| Input material |
+ + + + + + +
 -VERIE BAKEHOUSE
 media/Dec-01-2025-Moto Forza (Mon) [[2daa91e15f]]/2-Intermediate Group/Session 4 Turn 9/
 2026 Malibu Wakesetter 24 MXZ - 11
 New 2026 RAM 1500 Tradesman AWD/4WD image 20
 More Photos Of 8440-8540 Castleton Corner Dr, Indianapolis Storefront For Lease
+ + + + + + +
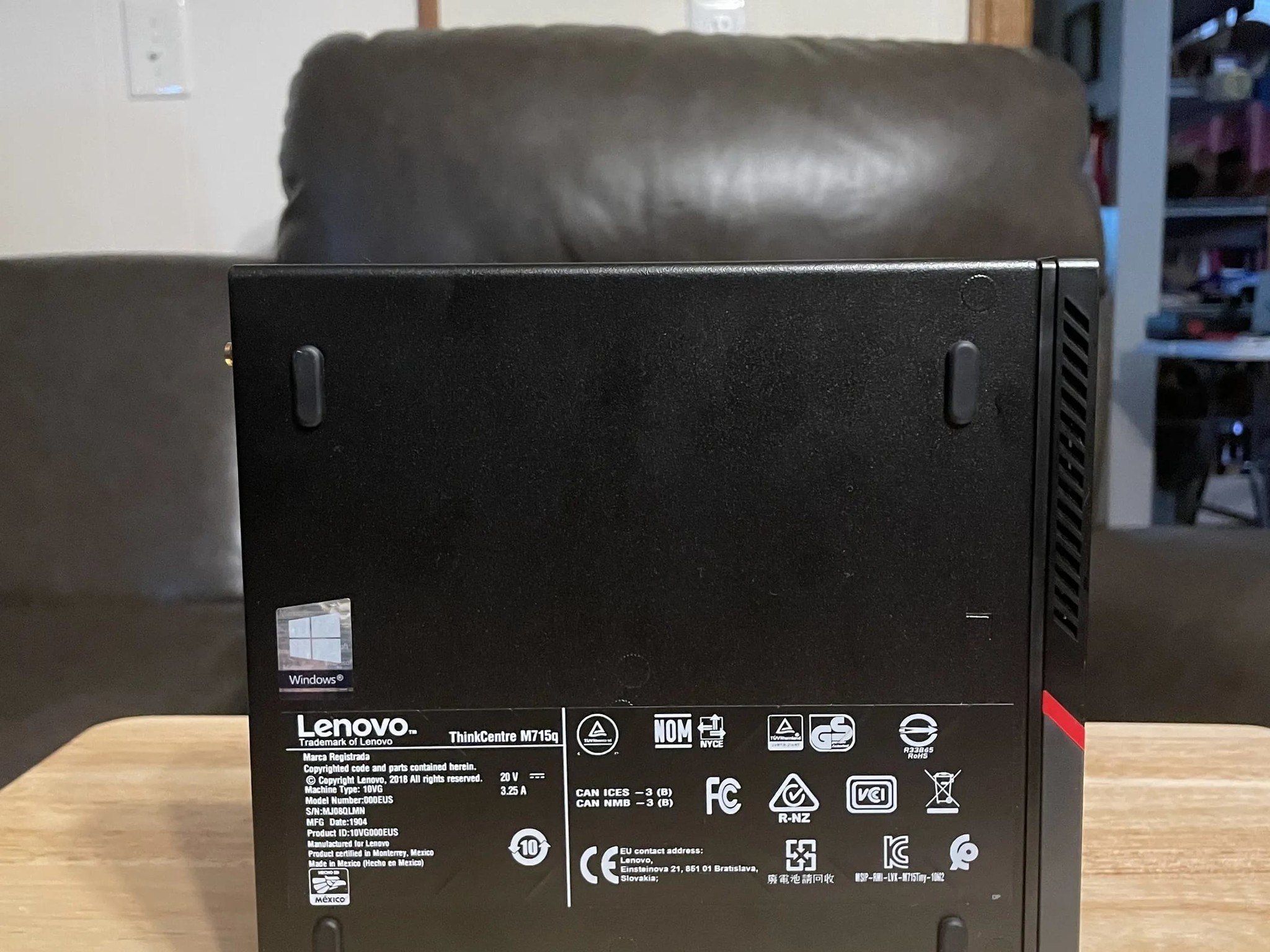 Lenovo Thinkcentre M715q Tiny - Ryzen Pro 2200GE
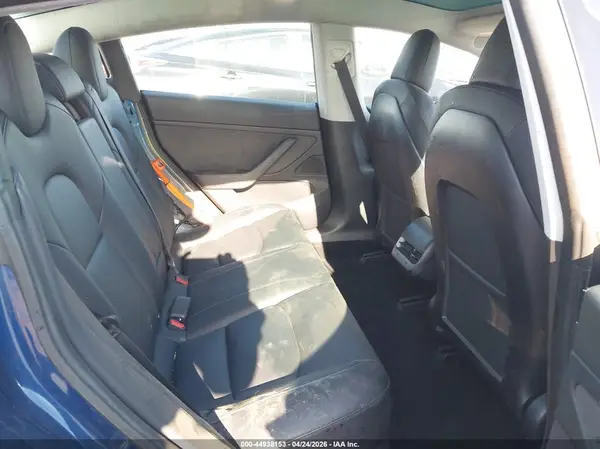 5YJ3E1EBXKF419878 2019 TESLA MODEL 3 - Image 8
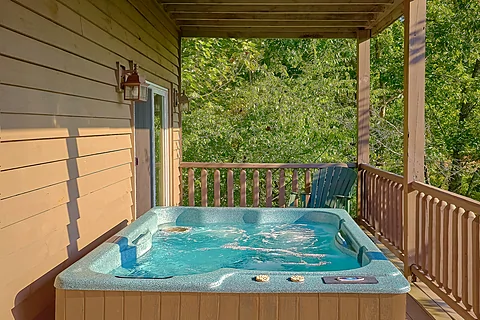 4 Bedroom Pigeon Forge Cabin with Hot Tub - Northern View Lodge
+ + + + + + +
| Problem requirements |
Give back, unchanged, the run of lines in the listing above that begins at the line containing "-VERIE BAKEHOUSE" and ends at the line containing "More Photos Of", both included.

| Answer space |
 -VERIE BAKEHOUSE
 media/Dec-01-2025-Moto Forza (Mon) [[2daa91e15f]]/2-Intermediate Group/Session 4 Turn 9/
 2026 Malibu Wakesetter 24 MXZ - 11
 New 2026 RAM 1500 Tradesman AWD/4WD image 20
 More Photos Of 8440-8540 Castleton Corner Dr, Indianapolis Storefront For Lease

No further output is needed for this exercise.